Notre comité général considère qu’il est important d’ouvrir le débat pour mettre en place des syndicats territoriaux professionnels à même d’organiser toutes et tous les travailleuses et travailleurs d’un même champ professionnel ou participant d’une même chaine de valeurs.

Cette réflexion doit nous permettre :

  • De ne laisser aucun⋅e syndiqué⋅e sans syndicat, aucun salarié ne devant rester en dehors de la CGT sous le prétexte qu’il n’existe pas de structure apte à l’accueillir comme l’affirmait déjà le 48e congrès confédéral.
  • De dynamiser la démocratie syndicale en la sortant des frontières étroites de l’entreprise.
  • De mutualiser les moyens syndicaux et financiers afin de développer largement l’activité syndicale vers l’ensemble du monde du travail.
  • De renforcer nos capacités de mobilisation et de construction du rapport de force.
  • De remettre au centre les questions d’identités collectives base de l’identité de classe et rempart au repli sur soi corporatiste.
  • De favoriser par la conscience de la dimension territoriale, les liens entre pro et interpro, au plus près des réalités de travail du salariat.

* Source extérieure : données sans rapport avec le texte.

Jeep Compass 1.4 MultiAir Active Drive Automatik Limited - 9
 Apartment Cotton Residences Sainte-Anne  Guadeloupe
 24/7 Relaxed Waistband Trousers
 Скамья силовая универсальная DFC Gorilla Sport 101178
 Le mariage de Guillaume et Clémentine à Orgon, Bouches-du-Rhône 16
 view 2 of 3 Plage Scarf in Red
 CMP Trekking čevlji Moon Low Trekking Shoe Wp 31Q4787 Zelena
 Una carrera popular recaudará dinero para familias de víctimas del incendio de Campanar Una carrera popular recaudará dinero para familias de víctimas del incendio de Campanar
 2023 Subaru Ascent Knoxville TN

Notre comité général appelle l’ensemble des structures de la CGT a s’emparer de ces questions, à les mettre en débat à tous les échelons de l’organisation avec l’implication de tou⋅tes les syndiqué⋅es pour construire cette structuration professionnelle territoriale afin d’être en capacité de faire face aux enjeux de la période et de faire vivre réellement notre syndicalisme CGT, de classe, de masse et de transformation sociale.